Dataset items:
---+---

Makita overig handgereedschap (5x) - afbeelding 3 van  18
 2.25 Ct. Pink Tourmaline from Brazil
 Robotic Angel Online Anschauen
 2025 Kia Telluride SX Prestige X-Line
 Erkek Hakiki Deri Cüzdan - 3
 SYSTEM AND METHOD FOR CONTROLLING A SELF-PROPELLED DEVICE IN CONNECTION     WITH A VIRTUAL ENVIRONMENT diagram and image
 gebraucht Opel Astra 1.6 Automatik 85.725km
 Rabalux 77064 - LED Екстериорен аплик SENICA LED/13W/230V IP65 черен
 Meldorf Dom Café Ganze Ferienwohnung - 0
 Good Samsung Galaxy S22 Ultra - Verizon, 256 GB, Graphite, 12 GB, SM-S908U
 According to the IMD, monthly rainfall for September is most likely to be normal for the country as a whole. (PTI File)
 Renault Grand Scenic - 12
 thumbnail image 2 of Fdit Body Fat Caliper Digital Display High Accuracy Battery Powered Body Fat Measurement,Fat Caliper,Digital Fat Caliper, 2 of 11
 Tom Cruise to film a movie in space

---+---

Return the entries exactly through the "SYSTEM AND METHOD" line.

◆ TASK SOLUTION:
Makita overig handgereedschap (5x) - afbeelding 3 van  18
 2.25 Ct. Pink Tourmaline from Brazil
 Robotic Angel Online Anschauen
 2025 Kia Telluride SX Prestige X-Line
 Erkek Hakiki Deri Cüzdan - 3
 SYSTEM AND METHOD FOR CONTROLLING A SELF-PROPELLED DEVICE IN CONNECTION     WITH A VIRTUAL ENVIRONMENT diagram and image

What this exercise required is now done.